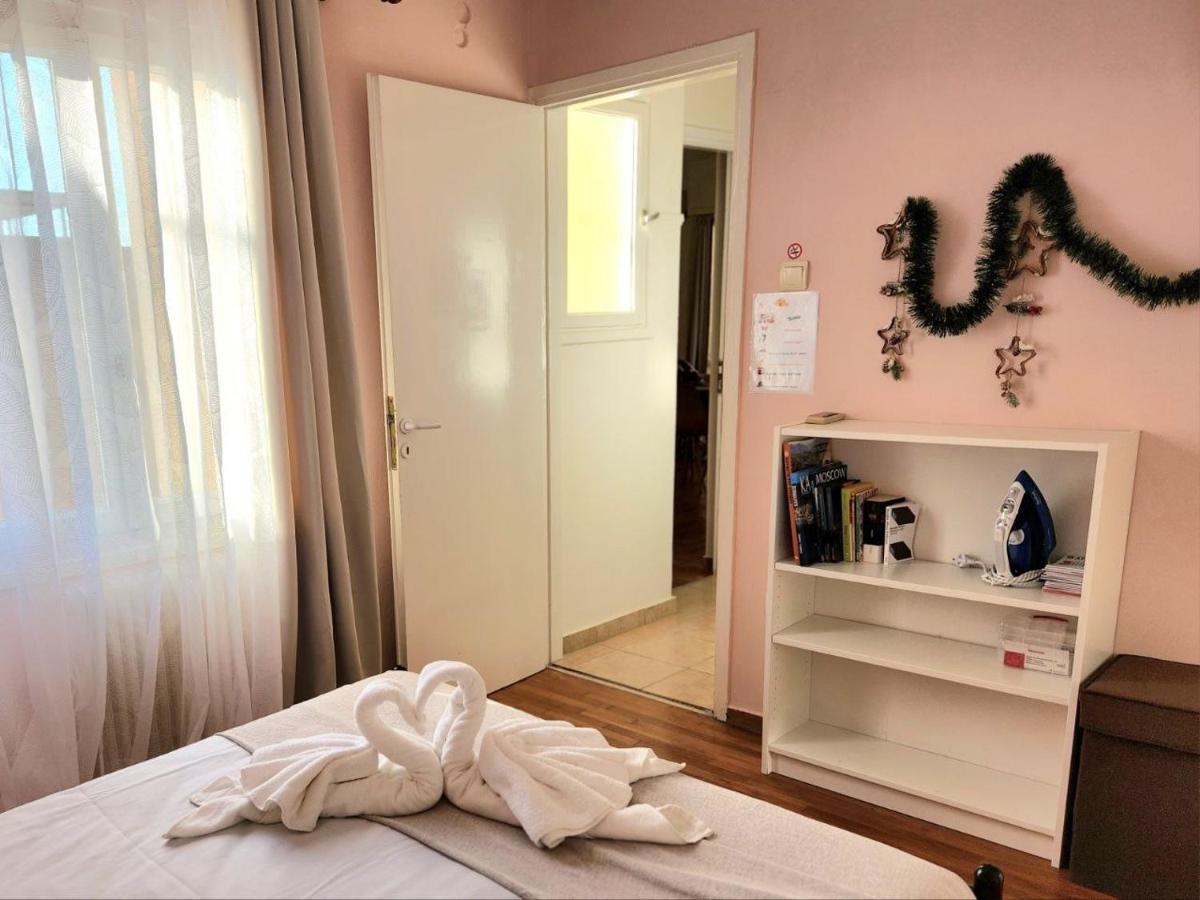 Aristea'S Place Greendom Athens Ngoại thất bức ảnh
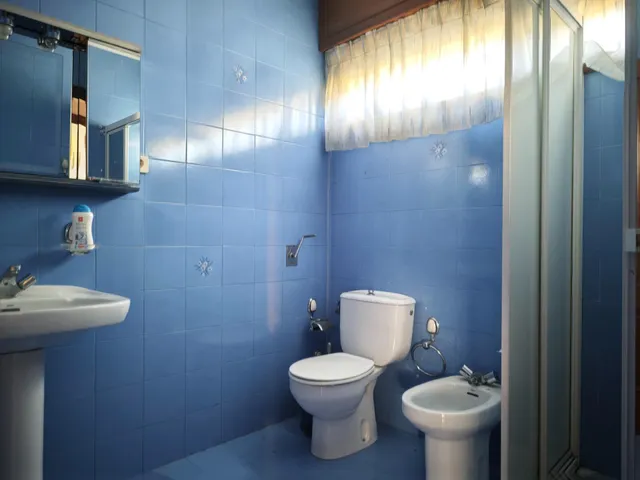 CHALET en perfecto estado conservación, con gran FINCA y a diez minutos del CENTRO de Santiago. — 28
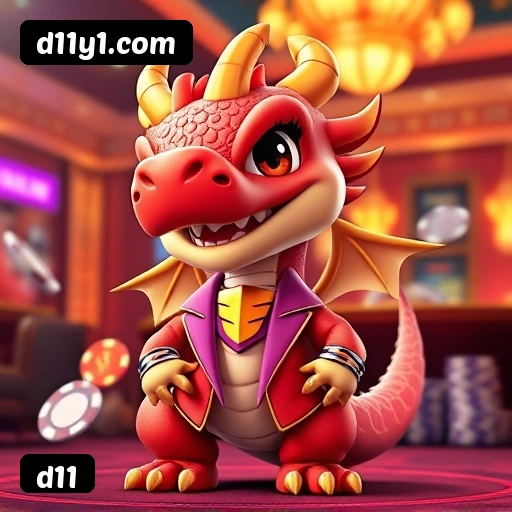 Streaming 4K no cassino ao vivo da d11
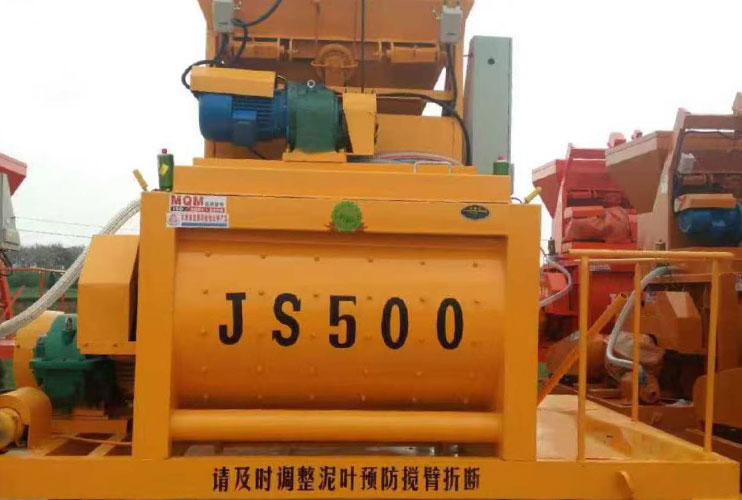 搅拌机 - JS500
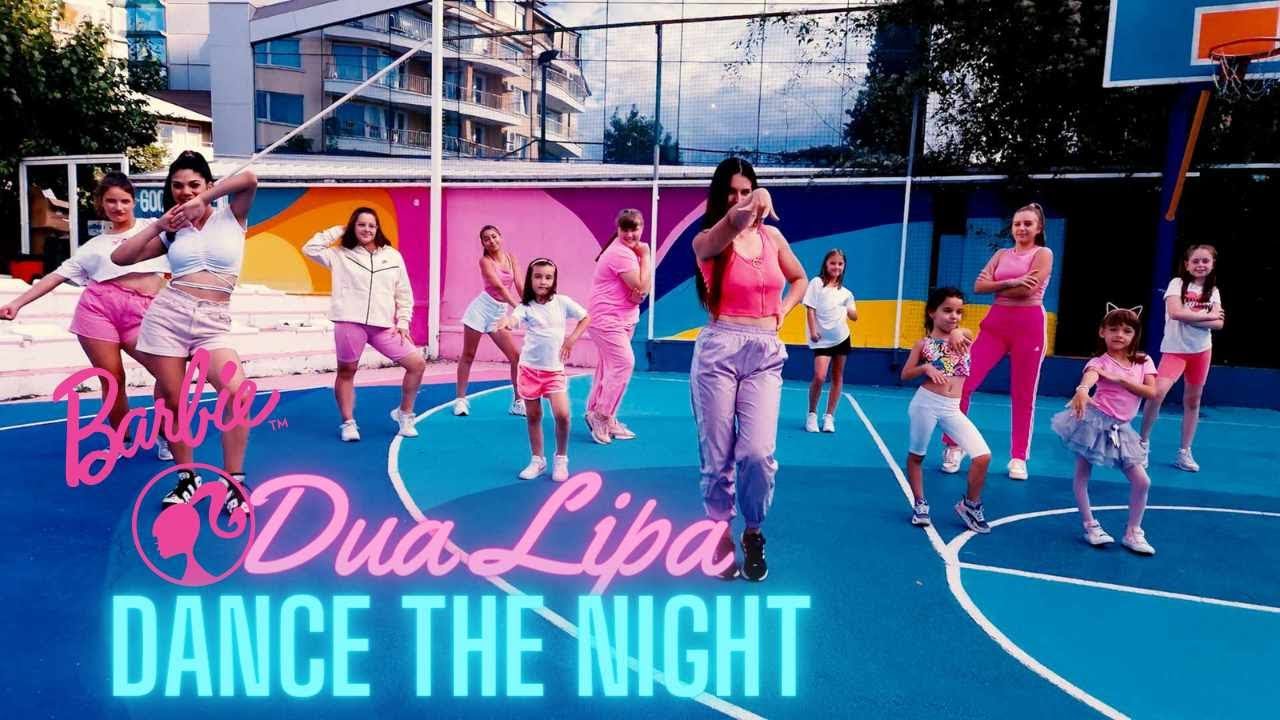 Dua Lipa - Dance the Night Choreography | OBSESSION DANCE STUDIO | BARBIE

----

### [WHAT IS REQUIRED]
Go through the listing and restate each line word for word, leaving out the pictures.

### [SOLUTION TO THIS PROBLEM]
 Aristea'S Place Greendom Athens Ngoại thất bức ảnh
 CHALET en perfecto estado conservación, con gran FINCA y a diez minutos del CENTRO de Santiago. — 28
 Streaming 4K no cassino ao vivo da d11
 搅拌机 - JS500
 Dua Lipa - Dance the Night Choreography | OBSESSION DANCE STUDIO | BARBIE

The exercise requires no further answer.